However, he was found guilty after trial and appeared for sentence via video link today after being remanded in custody.

In a statement read out by the prosecution, the victim said she had lost all her confidence due to Clowes’s brutality, and she was now a “shell of her former self”.

She said that during their relationship she was “constantly second-guessing his mood” and used to go to bed early to avoid him, while “sleeping with one eye open”.

She had since struggled to sleep, suffered with anxiety and was “terrified as to what he would do to me when released (from prison)”.

She said the psychological harm was even worse than the “physical torture” she had suffered.

Clowes had a previous conviction for assaulting an emergency worker in 2023 following yet another drunken incident when he attacked police officers who had been called out to a hotel. When they arrived, Clowes began shouting at them and slammed a car door shut into one of the officers.

Defence barrister Mahdev Singh Sachdev said that Clowes’ offending had been driven by his “relationship with alcohol”.

Judge Simon Hickey said the victim’s statement made for “thoroughly sobering” reading and that Clowes’s violence was so serious that it could only be met by an immediate jail sentence.

He ruled out any community disposal because Clowes couldn’t be trusted to comply with any such order “given your record on bail and your attitude to the offences both at trial and now”.

He told Clowes: “You are clearly a risk to women who you live with. Effectively, you destroyed (the victim’s) life.
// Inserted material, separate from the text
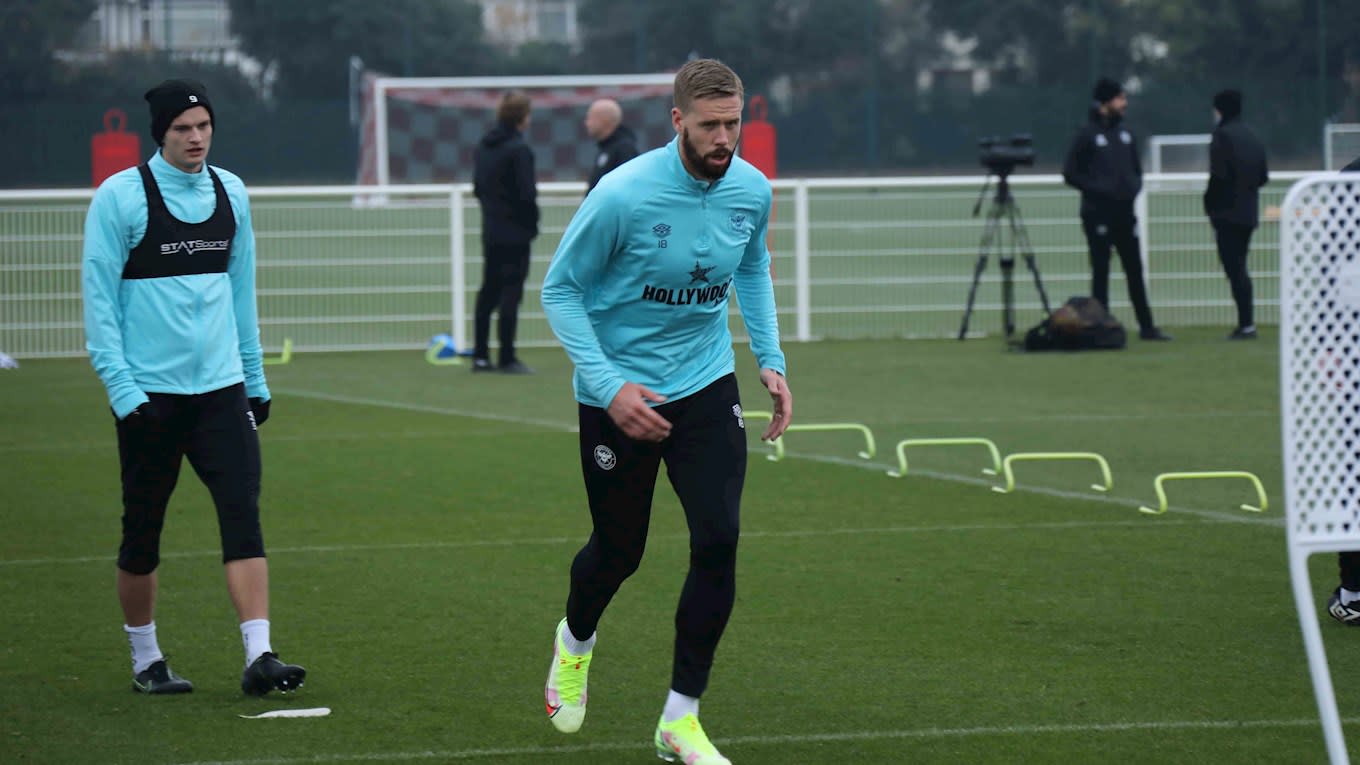 https://www.brentfordfc.com/siteassets/images/football/2021-22/first-team/training/20211124---training/8m7a3448.jpg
You have ground away her self-confidence (and) she was indeed beaten black and blue.”

He added: “You were convicted after trial, having suggested all those injuries – and they were significant – came about when she wandered about in the garden and fell down various rabbit holes, which was a ludicrous defence.”

Clowes, who was sat head bowed in the video booth, was jailed for three years and made subject to a 15-year restraining order banning him from contacting the victim.